YOUR TASK ->
Leave out the pictures, and reproduce exactly the lines from the line containing "A woman wearing" through the final line of the entries.
※ ※ ※
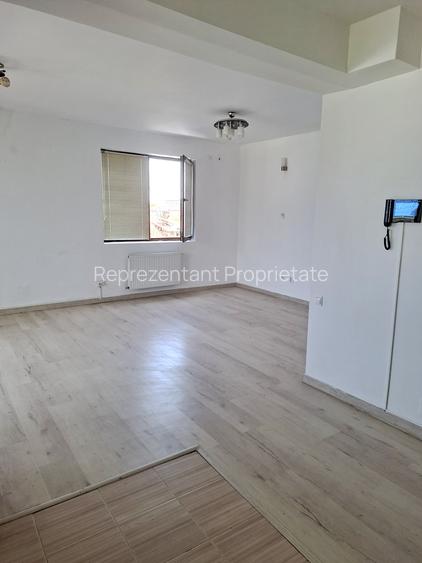 Studio cu vedere panoramică spre parc și loc de parcare în proprietate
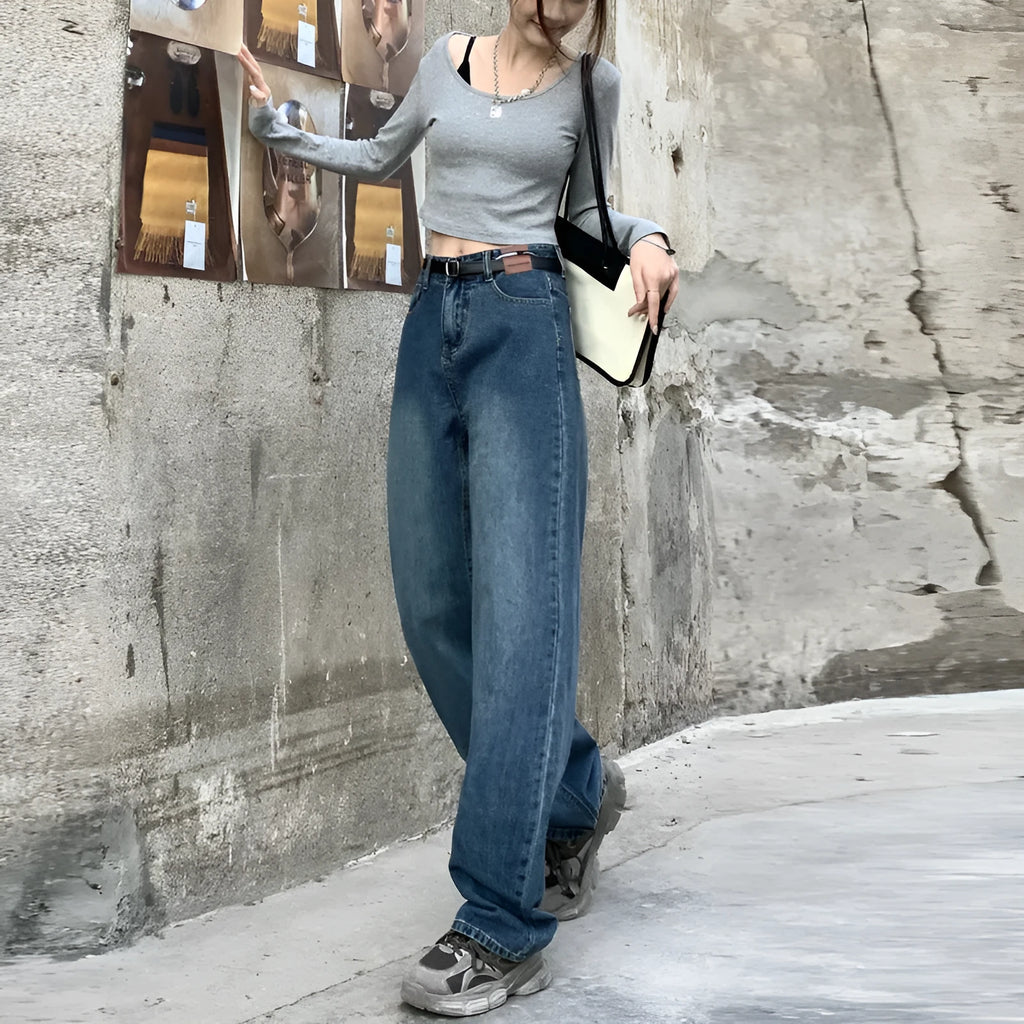 A woman wearing high-waist straight leg jeans in a retro blue colour, showcasing the classic denim fit.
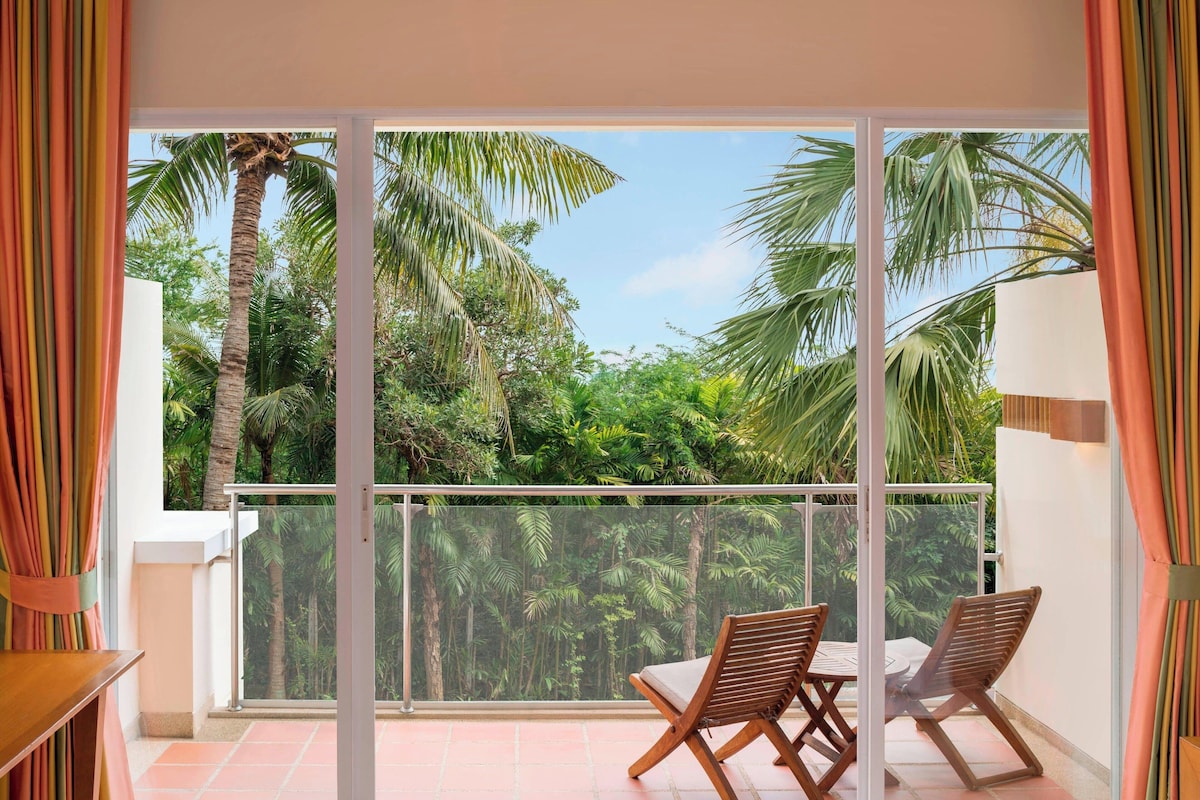 A balcony with a glass door, two wooden chairs, and a table.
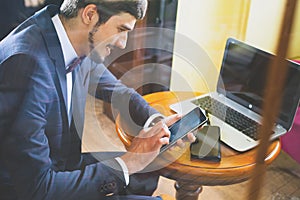 Young happy businesman working at cafe, using mobile phone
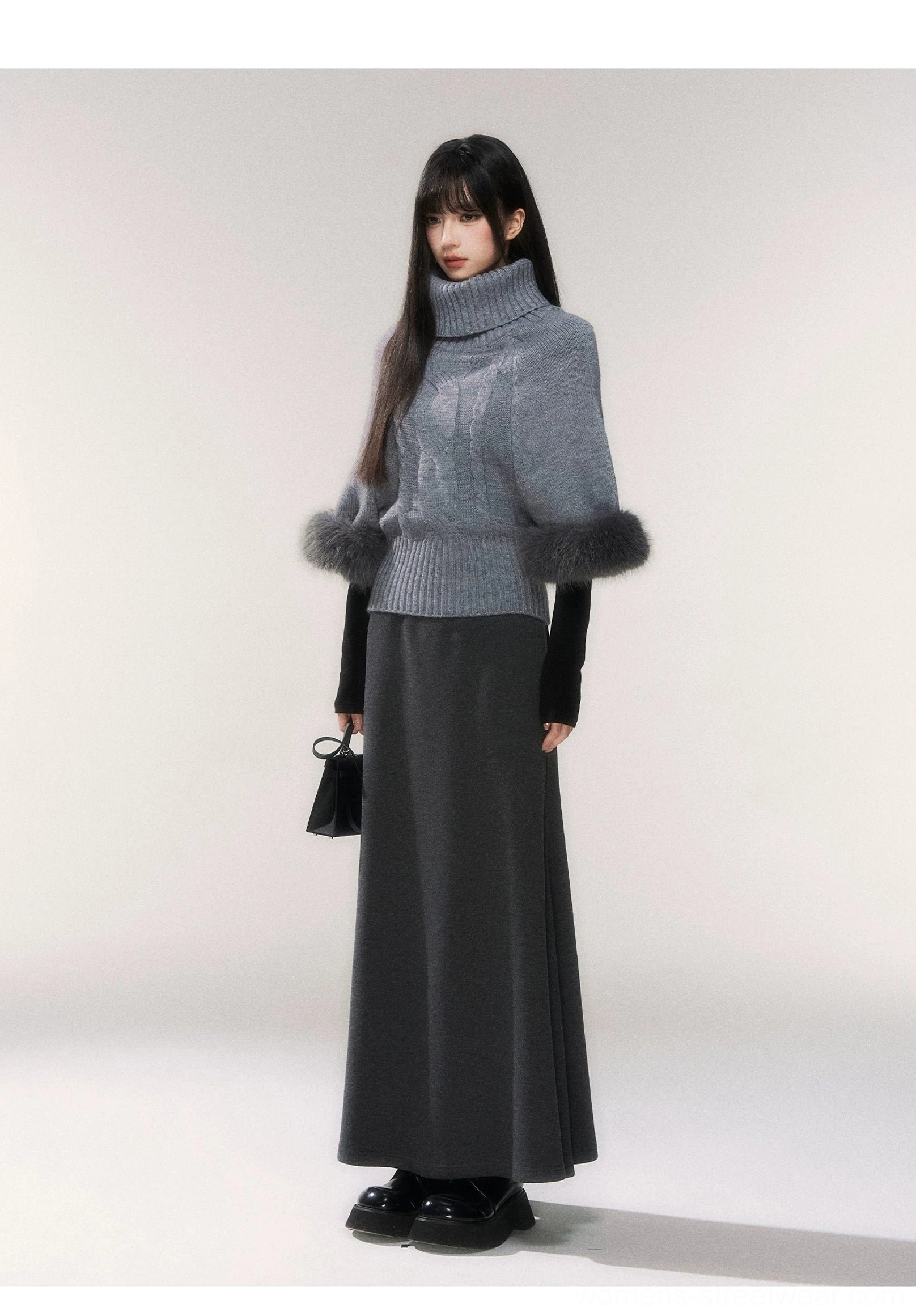 Side view of gray turtleneck cable knit sweater with plush faux fur cuffs and ribbed cropped hem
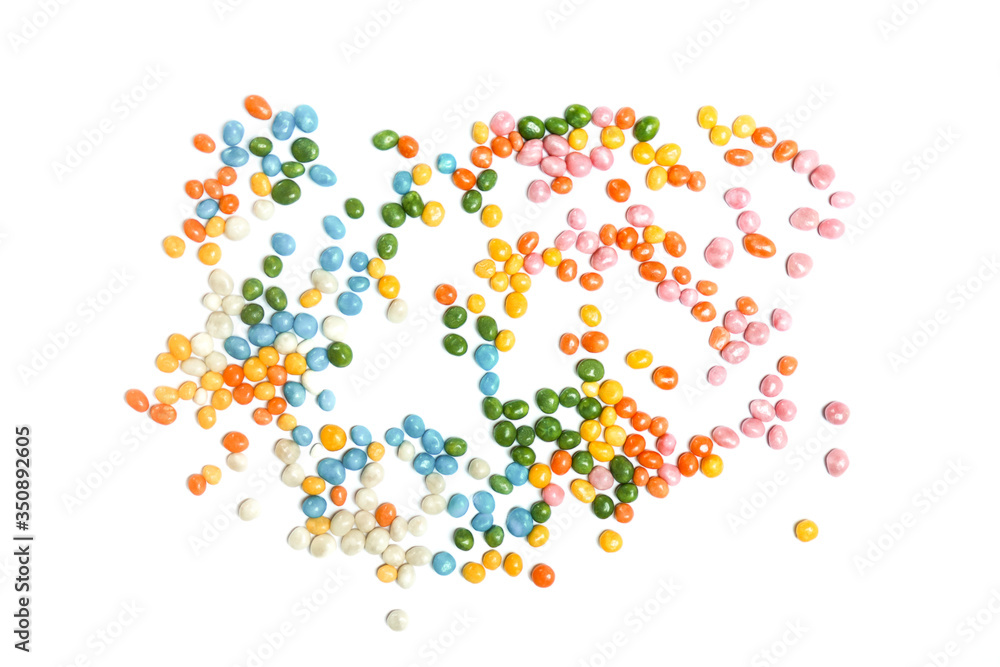 Assorted bean candies on white background, unorganised, chaos.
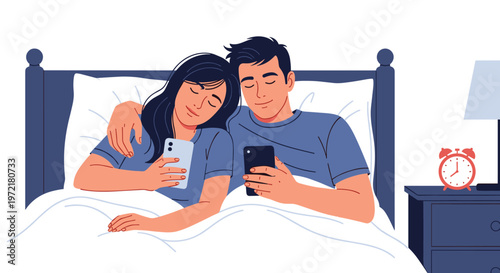 Young couple lying in bed at night under a white duvet both absorbed in their own smartphone screens instead of interacting together.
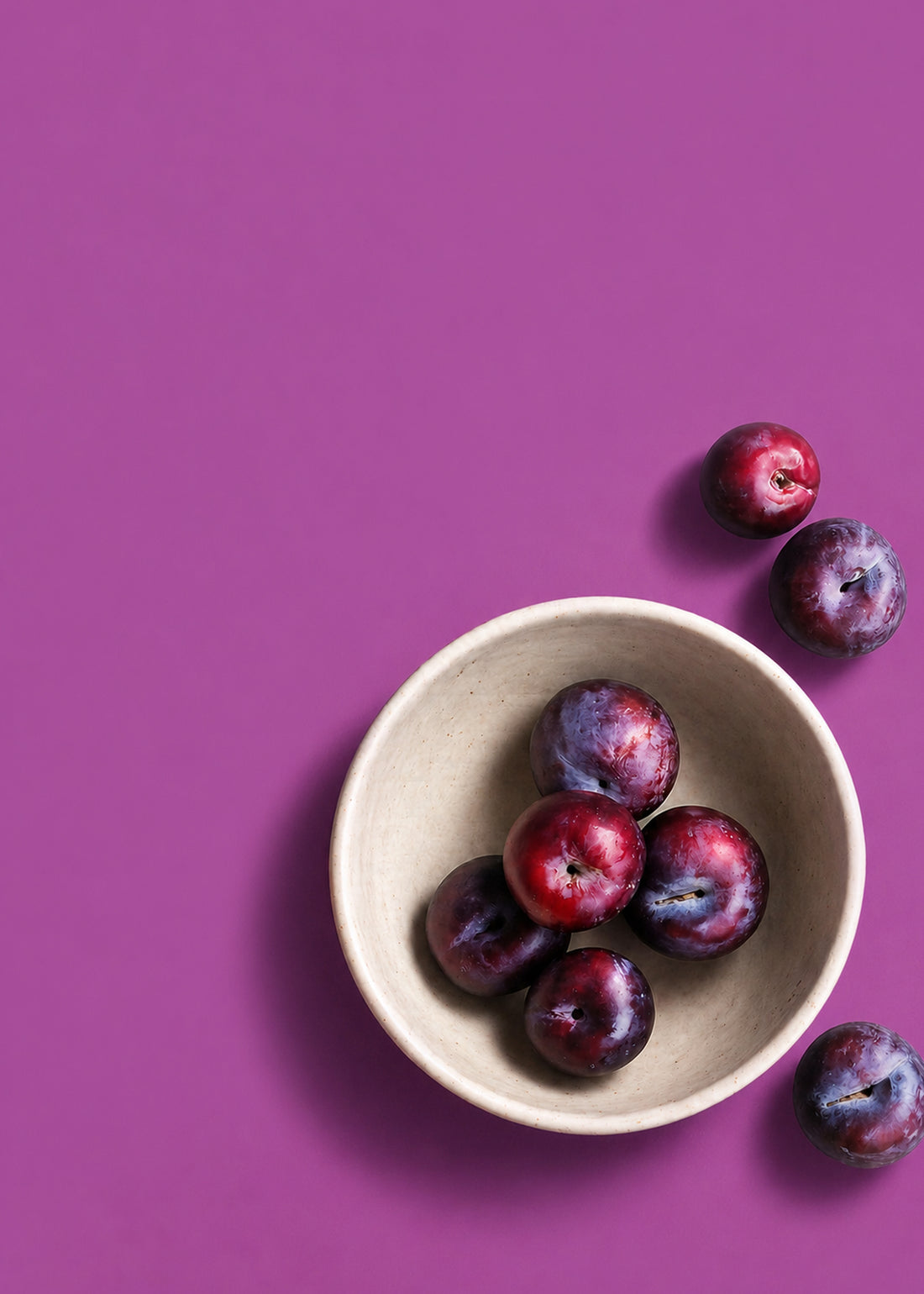 Plum bowl on a purple background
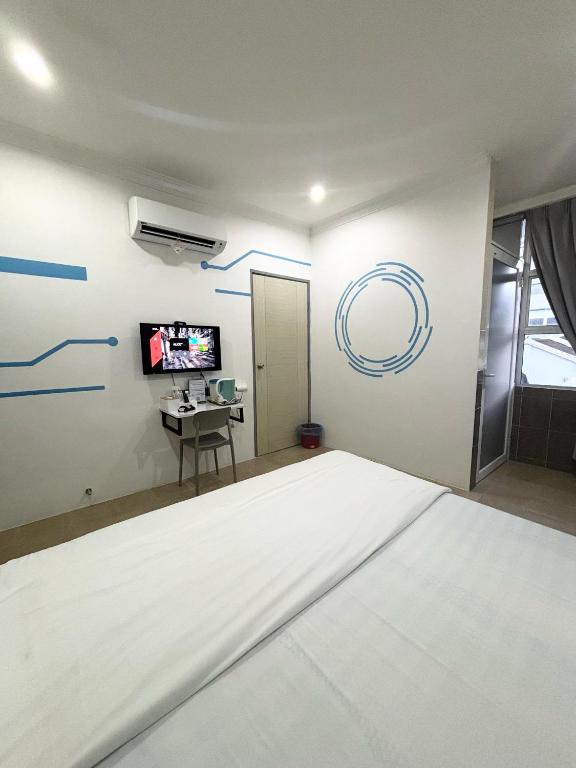 Postel nebo postele na pokoji v ubytování One Stop Hotel Ipoh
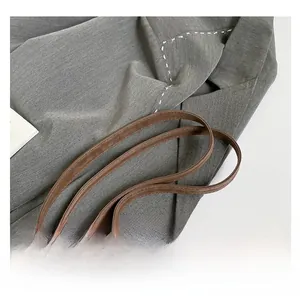 Detail shot of the durable dark brown leather shoulder straps with fine stitching craft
※ ※ ※
RESPONSE FOR THIS EXERCISE ->
 A woman wearing high-waist straight leg jeans in a retro blue colour, showcasing the classic denim fit.
 A balcony with a glass door, two wooden chairs, and a table.
 Young happy businesman working at cafe, using mobile phone
 Side view of gray turtleneck cable knit sweater with plush faux fur cuffs and ribbed cropped hem
 Assorted bean candies on white background, unorganised, chaos.
 Young couple lying in bed at night under a white duvet both absorbed in their own smartphone screens instead of interacting together.
 Plum bowl on a purple background
 Postel nebo postele na pokoji v ubytování One Stop Hotel Ipoh
 Detail shot of the durable dark brown leather shoulder straps with fine stitching craft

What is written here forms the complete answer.